Exercise directions
From the listing below, reproduce word for word the part that opens with the line containing "for BMW 3 Series" and closes with the line containing "Preço da carne"; reproduce nothing else.

------------------------------------------------------------------------

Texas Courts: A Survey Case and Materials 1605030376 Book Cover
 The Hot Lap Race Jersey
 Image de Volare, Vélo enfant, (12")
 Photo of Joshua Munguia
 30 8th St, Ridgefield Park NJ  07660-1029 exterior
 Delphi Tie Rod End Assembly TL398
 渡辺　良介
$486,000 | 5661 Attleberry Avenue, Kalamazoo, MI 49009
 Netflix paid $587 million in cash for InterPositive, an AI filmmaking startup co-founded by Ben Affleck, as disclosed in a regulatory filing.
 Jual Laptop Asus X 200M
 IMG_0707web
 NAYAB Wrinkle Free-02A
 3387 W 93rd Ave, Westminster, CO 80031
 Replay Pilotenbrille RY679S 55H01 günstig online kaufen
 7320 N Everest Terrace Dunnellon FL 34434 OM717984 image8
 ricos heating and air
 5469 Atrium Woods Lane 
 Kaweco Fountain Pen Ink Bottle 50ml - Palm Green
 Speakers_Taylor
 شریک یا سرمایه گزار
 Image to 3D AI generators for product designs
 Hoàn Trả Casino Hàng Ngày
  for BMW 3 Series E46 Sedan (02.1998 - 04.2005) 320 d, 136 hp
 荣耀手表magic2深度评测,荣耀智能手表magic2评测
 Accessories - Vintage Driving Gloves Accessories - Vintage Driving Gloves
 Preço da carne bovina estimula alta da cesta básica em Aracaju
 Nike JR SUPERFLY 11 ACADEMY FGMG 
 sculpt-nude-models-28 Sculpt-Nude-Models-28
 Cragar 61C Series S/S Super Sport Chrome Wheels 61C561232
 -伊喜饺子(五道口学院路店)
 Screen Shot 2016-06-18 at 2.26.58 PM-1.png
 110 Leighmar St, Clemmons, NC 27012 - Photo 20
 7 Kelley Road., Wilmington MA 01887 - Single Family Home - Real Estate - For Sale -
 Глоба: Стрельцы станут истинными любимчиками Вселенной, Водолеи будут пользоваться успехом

------------------------------------------------------------------------

Result for this exercise
  for BMW 3 Series E46 Sedan (02.1998 - 04.2005) 320 d, 136 hp
 荣耀手表magic2深度评测,荣耀智能手表magic2评测
 Accessories - Vintage Driving Gloves Accessories - Vintage Driving Gloves
 Preço da carne bovina estimula alta da cesta básica em Aracaju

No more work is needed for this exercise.